The battle between storage area networks (Sans) and network attached storage (Nas) has become a phoney war. With Nas suppliers adopting San technology and San developers looking to broaden their market appeal, some are hoping that a peace treaty cannot be far away. However, all is not yet quiet on the storage front - skirmishes continue in the demilitarised zone. In addition, the arrival of fresh battalions under the Internet small computer systems interface (iSCSI) banner could significantly disrupt the balance of power.

For many, any truce would be a temporary slowdown in their quest to convert the world to their way of thinking. To San proponents, Nas is just another component of the storage network, while for some Nas developers, the main use of San technology is to build bigger and more capable Nas systems.

"I don't believe that the two will ever converge fully," says Jim Selby, Nas product manager with Microtest. "The underlying technologies are just too different.
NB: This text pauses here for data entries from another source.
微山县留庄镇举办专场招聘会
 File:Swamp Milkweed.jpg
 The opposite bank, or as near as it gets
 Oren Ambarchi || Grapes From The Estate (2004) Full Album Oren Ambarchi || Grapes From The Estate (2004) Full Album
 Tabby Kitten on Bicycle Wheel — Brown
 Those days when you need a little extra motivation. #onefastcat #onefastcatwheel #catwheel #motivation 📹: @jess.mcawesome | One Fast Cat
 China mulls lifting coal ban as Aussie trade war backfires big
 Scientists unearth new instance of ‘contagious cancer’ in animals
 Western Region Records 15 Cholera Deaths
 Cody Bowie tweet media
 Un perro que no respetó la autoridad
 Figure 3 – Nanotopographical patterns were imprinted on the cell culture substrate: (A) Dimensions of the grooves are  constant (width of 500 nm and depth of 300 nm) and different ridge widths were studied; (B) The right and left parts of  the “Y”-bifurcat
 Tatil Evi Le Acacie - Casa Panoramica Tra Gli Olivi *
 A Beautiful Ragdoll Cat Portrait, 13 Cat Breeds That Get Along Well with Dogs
I think it is just a marketing ploy by certain suppliers to make it seem that they cover both options. Nas and San are very different animals and the IT manager needs to consider both, as each has good and bad points."

The most fundamental difference between the two is that Nas provides file-level access to storage, whereas Sans operate at block level. Block access is the way most storage is accessed at the drive level: it is how a Nas server talks to a direct-attached SCSI drive and it is well suited to storage-specific applications such as back-up and storage management.

Block access also suits record-based applications such as databases, where moving the whole database across the network to change a single record would be counter-productive. File-level access is preferable for smaller files, and for file and data sharing.

However, Sans are an enabling technology, whereas Nas is more of an application of technology. Developers are starting to see how the two can complement one another. Nas specialist Network Appliance uses Fibre Channel storage within its systems and recently added the ability to back up its file servers to a shared tape library via Fibre Channel and a San switch.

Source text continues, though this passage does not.